### What to work on
Scan the entries for "Internet". Every line that holds it is to be copied.

### Data records
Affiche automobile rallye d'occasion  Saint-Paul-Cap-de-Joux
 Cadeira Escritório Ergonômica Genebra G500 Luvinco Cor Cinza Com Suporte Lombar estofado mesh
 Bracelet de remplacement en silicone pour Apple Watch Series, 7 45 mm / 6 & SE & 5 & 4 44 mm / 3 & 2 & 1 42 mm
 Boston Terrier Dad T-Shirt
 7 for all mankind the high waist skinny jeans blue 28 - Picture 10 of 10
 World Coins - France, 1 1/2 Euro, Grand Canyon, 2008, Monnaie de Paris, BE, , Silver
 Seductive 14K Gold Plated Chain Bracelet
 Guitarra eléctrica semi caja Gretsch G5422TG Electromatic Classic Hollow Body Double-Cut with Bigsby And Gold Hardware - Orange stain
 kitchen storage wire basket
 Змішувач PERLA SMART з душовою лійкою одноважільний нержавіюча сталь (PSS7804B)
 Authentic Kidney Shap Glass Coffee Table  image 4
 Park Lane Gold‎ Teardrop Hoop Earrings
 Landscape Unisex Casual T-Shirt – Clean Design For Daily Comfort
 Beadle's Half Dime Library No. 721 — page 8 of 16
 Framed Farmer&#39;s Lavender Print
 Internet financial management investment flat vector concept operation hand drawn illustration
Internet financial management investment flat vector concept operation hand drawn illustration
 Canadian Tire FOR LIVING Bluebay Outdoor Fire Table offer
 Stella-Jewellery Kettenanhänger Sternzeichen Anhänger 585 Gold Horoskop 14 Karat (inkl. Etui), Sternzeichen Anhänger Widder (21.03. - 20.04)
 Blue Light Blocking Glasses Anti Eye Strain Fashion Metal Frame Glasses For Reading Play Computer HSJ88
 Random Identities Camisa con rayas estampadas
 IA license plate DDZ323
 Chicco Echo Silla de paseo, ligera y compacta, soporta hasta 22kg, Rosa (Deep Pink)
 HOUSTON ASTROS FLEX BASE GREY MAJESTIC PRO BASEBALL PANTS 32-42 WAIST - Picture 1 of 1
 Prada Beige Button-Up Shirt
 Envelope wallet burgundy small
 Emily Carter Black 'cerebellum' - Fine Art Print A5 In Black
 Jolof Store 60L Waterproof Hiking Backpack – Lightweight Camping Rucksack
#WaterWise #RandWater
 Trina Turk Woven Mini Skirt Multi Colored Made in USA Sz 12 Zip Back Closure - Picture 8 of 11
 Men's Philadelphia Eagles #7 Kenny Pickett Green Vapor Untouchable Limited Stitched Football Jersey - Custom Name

### Answer to the problem
 Internet financial management investment flat vector concept operation hand drawn illustration
Internet financial management investment flat vector concept operation hand drawn illustration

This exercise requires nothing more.